Member of the 17th Parliament for Istanbul
- In office 6 November 1983 – 29 November 1987

Member of the 18th Parliament for Istanbul
- In office 29 November 1987 – 20 October 1991

Member of the 19th Parliament for Istanbul
- In office 6 November 1991 – 24 December 1995

Personal details
- Born: Leyla Yeniay 1926 Beşiktaş, Istanbul, Turkey
- Died: 19 May 2002 (aged 75–76) Bodrum, Muğla, Turkey
- Party: Motherland Party ANAP
- Children: 2
- Occupation: Politician

= Leyla Yeniay Köseoğlu =

Turkish politician

Leyla Yeniay Köseoğlu (evlilik öncesi Oğan, 1926 – 19 May 2002) was a Turkish politician. She served three terms in the parliament.

== Politician career ==
She co-founded Motherland Party (Anavatan Partisi, ANAP) in 1983, when political parties were allowed after the junta of the 1980 coup d'état banned all parties.

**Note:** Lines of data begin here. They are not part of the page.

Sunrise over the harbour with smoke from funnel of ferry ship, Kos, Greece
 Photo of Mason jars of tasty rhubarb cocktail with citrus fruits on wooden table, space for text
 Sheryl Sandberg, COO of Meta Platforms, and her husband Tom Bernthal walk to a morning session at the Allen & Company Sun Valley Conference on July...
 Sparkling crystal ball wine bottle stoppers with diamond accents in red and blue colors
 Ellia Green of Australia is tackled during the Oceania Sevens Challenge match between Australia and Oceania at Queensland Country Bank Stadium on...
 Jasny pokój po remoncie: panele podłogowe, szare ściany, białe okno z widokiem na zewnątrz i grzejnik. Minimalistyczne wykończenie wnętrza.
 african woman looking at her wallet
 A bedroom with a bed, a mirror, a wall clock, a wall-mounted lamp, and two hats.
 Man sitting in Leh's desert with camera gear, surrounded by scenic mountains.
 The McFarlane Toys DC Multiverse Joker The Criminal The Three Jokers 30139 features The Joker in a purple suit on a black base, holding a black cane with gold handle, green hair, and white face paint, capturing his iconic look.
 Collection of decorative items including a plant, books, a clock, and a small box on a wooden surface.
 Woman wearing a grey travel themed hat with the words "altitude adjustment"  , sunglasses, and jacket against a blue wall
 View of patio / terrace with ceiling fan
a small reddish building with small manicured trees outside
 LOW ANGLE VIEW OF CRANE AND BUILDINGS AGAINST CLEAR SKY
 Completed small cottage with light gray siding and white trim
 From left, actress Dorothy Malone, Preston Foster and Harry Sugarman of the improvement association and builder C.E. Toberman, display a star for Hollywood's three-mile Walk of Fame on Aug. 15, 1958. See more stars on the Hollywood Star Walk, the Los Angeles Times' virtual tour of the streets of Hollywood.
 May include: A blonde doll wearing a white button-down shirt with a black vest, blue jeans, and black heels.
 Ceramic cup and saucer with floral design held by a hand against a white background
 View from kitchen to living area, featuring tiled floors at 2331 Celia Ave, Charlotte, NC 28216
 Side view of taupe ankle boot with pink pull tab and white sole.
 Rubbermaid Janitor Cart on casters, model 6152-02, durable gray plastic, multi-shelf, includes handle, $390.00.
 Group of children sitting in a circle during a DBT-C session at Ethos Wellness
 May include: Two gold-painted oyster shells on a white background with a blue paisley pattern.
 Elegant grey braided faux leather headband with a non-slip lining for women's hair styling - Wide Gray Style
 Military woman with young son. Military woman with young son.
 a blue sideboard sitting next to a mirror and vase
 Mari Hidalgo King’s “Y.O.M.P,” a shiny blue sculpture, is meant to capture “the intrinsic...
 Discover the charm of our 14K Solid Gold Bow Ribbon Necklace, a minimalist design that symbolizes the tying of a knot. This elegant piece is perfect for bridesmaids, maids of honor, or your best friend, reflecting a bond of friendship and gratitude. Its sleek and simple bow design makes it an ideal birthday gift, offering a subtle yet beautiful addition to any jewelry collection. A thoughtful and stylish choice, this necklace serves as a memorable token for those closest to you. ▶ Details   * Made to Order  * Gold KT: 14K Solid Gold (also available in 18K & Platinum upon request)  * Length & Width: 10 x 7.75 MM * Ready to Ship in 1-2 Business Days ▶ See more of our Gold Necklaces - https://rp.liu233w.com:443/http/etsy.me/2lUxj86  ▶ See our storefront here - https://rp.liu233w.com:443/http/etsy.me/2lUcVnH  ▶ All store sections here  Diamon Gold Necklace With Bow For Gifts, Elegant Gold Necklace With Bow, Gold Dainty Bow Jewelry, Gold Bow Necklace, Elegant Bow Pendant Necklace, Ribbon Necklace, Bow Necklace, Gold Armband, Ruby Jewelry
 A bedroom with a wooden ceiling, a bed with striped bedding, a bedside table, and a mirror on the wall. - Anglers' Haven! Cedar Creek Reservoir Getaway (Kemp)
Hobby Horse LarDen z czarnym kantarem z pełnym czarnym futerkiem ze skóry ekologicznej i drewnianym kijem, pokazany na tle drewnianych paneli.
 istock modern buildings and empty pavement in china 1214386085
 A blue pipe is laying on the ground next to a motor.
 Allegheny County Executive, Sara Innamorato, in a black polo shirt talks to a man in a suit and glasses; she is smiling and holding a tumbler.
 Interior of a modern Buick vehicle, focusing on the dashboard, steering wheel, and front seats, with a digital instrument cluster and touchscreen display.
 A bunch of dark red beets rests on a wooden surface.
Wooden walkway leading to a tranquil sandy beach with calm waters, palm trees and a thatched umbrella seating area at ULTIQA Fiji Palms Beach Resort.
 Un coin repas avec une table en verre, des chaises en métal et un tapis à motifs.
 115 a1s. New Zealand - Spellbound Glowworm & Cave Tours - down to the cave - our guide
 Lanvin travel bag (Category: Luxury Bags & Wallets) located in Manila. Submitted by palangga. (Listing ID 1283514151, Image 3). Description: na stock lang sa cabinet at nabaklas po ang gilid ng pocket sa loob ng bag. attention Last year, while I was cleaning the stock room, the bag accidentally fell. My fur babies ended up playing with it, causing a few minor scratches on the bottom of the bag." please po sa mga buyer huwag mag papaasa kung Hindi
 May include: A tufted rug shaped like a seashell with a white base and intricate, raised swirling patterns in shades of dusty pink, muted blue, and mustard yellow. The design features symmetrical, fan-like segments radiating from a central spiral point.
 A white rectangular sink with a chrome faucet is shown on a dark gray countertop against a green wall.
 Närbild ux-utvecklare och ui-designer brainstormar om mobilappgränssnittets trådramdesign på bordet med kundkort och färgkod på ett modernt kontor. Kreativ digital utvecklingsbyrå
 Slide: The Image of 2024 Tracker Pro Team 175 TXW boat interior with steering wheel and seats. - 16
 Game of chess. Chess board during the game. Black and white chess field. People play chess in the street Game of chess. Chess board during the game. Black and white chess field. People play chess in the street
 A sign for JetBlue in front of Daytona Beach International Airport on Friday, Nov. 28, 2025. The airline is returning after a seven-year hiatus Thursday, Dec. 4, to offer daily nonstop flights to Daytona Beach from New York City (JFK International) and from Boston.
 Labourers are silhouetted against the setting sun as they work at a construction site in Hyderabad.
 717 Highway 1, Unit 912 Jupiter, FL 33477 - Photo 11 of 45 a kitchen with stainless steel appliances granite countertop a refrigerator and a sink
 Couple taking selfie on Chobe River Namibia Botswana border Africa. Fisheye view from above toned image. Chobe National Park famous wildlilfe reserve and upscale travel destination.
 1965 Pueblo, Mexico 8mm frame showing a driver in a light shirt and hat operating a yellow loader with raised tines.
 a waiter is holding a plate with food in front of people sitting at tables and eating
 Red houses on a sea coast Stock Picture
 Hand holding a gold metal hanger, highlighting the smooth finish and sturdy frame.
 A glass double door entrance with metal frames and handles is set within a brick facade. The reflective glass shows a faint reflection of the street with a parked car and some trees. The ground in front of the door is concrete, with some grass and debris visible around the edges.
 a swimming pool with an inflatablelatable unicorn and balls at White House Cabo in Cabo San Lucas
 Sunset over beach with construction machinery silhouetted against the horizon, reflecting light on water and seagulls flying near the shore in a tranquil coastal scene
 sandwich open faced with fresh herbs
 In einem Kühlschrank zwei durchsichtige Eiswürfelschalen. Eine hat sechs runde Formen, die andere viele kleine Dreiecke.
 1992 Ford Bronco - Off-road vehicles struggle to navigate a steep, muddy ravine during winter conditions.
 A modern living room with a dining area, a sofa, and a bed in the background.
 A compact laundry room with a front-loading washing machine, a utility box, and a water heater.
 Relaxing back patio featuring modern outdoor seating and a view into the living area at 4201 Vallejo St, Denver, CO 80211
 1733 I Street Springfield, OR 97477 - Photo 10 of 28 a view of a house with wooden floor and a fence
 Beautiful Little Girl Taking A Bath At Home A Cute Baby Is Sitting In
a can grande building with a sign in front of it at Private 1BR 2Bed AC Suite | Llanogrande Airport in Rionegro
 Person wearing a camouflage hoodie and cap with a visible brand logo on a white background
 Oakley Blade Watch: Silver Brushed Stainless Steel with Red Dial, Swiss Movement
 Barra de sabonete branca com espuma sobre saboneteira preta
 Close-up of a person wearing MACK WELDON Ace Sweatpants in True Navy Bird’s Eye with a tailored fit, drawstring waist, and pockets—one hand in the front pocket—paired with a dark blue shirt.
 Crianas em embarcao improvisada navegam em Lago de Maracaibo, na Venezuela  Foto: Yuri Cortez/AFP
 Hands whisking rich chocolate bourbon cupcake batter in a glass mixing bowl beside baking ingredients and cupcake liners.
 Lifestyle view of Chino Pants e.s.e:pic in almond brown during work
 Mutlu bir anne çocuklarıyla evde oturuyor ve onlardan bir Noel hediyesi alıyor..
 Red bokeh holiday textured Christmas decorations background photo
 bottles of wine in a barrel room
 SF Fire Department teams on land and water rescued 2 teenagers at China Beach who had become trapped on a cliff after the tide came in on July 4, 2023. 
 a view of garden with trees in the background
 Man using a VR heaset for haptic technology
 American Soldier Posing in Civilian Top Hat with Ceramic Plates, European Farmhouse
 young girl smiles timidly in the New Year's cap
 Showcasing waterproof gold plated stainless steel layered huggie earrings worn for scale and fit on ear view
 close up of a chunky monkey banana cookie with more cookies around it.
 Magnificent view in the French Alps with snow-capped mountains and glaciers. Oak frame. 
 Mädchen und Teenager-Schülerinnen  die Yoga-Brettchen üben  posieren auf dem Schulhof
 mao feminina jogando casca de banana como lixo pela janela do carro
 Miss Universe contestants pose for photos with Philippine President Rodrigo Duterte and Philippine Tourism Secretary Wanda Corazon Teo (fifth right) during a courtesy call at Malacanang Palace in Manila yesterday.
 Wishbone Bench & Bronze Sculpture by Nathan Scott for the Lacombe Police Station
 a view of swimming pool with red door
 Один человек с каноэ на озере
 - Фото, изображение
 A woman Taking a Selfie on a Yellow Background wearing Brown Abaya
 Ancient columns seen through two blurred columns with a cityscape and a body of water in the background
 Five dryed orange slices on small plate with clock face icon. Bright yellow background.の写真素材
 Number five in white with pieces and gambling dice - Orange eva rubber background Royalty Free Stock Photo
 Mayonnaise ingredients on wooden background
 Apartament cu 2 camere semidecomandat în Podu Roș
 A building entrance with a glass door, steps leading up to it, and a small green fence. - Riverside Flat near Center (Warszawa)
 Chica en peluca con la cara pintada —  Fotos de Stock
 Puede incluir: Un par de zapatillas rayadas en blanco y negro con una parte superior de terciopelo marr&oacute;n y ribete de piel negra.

She ran for the Deputy of Istanbul in the 1983 general election, and entered the Grand National Assembly of Turkey. She served in the 17th Parliament until 1987. She continued her political career in the 1987 general election and served in the 18th Parliament. In 1991, she took part at the general election and served the last time in the parliament until 1995.

== Personal life ==
Leyla Yeniay was born to Abdil Oğan and Afife in Beşiktaş district of Istanbul, Turkey in 1926. Her grandfather Hacı Bekir Efendi, originated from Akşekir, was the Deputy of Konya in the first and second term of the First Parliament in the 1920s. She completed her education at Arnavutkoey American High School for Girls in Istanbul.

She worked as a merchant and exporter.

She gave birth to two sons, AHmet and Mustafa Köseoğlu.

In 1999, she was sentenced to one year, three months imprisonment and 4.5 million Turkish lira (around 9 US$) fine for breaking the Forest Law by cutting down trees as the chair of a house building cooperative. The imprisonment was postponed.

LeylaYeniay Köseoğlu died from heart attack in Bodrum, Muğla on 19 May 2002. Her body was transferred to Istanbul and was buried in the family grave at Edirnekapı Martyr's Cemetery following the religious service held at Şişli Mosque two days later.